- **Work request**:
Each line from the one containing "Kinvara CK80899 Dark" through the end of the entries below must be output exactly; no other line belongs.

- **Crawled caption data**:
◆ ◆ ◆ ◆
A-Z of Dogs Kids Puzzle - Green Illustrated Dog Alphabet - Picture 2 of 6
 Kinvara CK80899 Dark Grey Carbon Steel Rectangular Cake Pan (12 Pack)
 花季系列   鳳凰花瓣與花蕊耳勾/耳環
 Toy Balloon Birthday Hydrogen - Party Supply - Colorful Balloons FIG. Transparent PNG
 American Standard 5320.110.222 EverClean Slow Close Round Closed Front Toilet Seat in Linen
◆ ◆ ◆ ◆
- **Answer to this task**:
 Kinvara CK80899 Dark Grey Carbon Steel Rectangular Cake Pan (12 Pack)
 花季系列   鳳凰花瓣與花蕊耳勾/耳環
 Toy Balloon Birthday Hydrogen - Party Supply - Colorful Balloons FIG. Transparent PNG
 American Standard 5320.110.222 EverClean Slow Close Round Closed Front Toilet Seat in Linen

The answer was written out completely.